On $\sim$ 37K unseen crystals, PackFlow outperforms Genarris baselines with lower density error (4.7% vs. 27.9/19.8%), improved AMD $L_\infty$ (0.286 vs. 0.903/0.541), lower RDF Wasserstein distances, and comparable inference speed (0.13s/sample). Physics alignment further reduces clash rates and controls force/energy trade-offs continuously via $\lambda$ parameter. In CSP blind tests, PackFlow finds candidates within a few kJ/mol of experimental polymorphs within 100 samples (Subramanian et al., 23 Feb 2026).
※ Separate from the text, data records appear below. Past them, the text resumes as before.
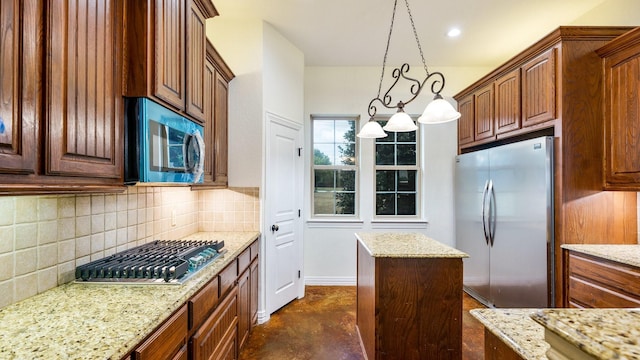 kitchen with light stone counters, appliances with stainless steel finishes, a kitchen island, and hanging light fixtures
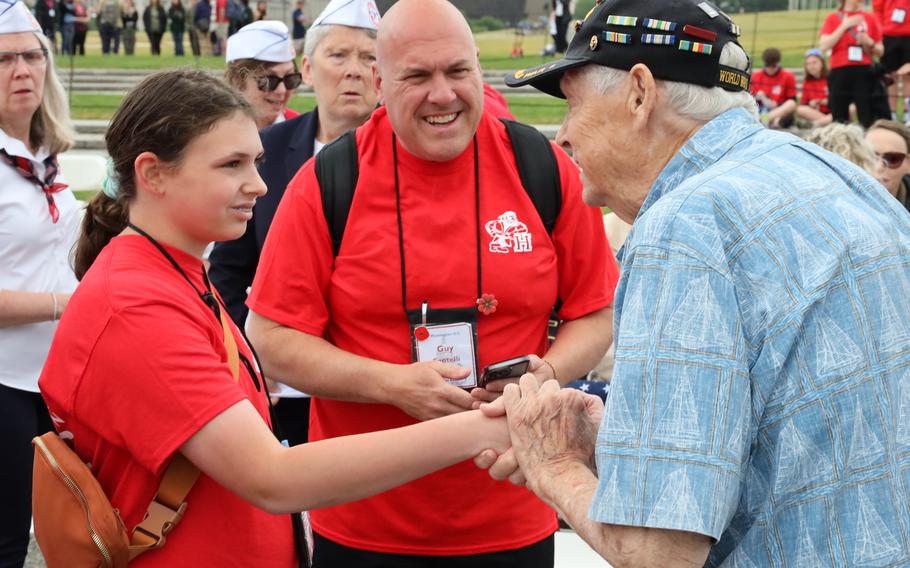Veteran Les Jones greets visitors from Kenosha, Wis., at the World War II Memorial on the National Mall in Washington, D.C., on Memorial Day, May 29, 2023.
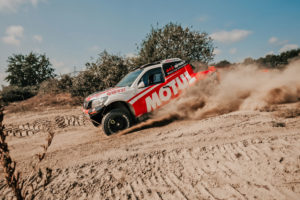CST Sponsored team BAS AUTO SPORT vehicle in an action shot, kicking up dirt.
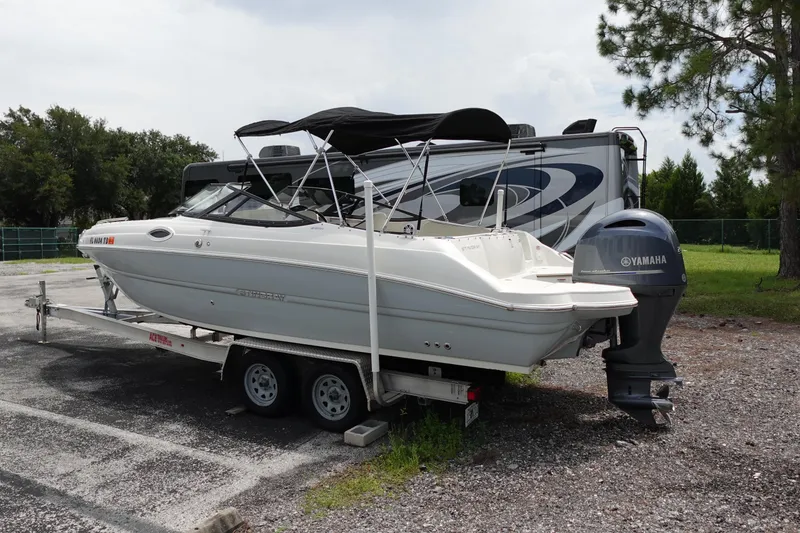 The Image of 2022 Stingray 231 DC boat on trailer with Yamaha outboard motor, parked outdoors. - 0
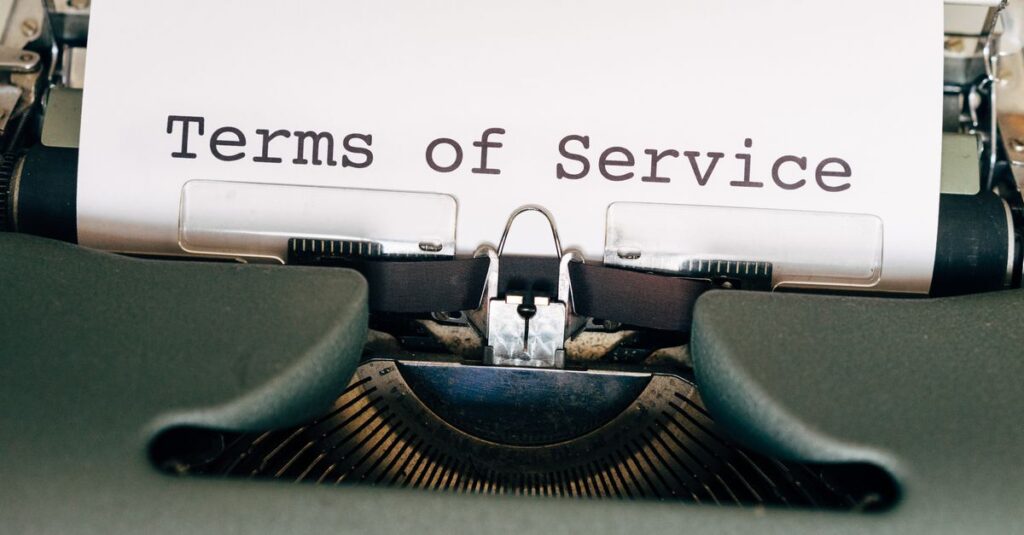 Terms of Service A vintage typewriter with a paper displaying 'Terms of Service'. Perfect for business or legal themes.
Implementation and Limitations

Key features include independent coordinate/lattice flows, dense bond-graph attention, canonical unwrapping, and reliance on MLIP for relaxation and reward calculation. The approach is so far limited to homomolecular crystals, does not enforce explicit space-group symmetry, and adopts an $O(N^2)$ scaling with atom count due to the dense attention mechanism.

3. PackFlow in Stochastic Packet/Flow Network Modeling

In the context of network performance analysis, “PackFlow” (as Editor's term summarizing the framework in (Moallemi et al., 2010)) unifies packet-level queueing and flow-level utility-based control in a two-time-scale stochastic model of packet-switched networks.

Modeling Framework

Nodes: finite set of directed links $L$ and end-to-end flow types $F$ .
Queues: FIFO per $(\text{link}, \text{destination})$ in $E = L \times V$ .
Flows: Poisson flow-level arrivals $\nu_f$ , random packet generation, finite lifetime (mean $1/\mu_f$ packets per flow).
Packets: Generated by flows and injected into ingress queues $e_f$ .

Scheduling and Dynamics

Per-slot scheduling $\pi(\tau)\in\mathcal{S}\subset\{0,1\}^E$ enforces constraints.
Queue evolution:

$Q(\tau+1) = Q(\tau) - (I - R^T)S(\tau) + (I - R^T)Z(\tau) + \Gamma A(\tau+1)$

with routing matrix $R$ , schedule count $S(\tau)$ , idling process $Z(\tau)$ , and flow packet arrivals $A(\tau+1)$ .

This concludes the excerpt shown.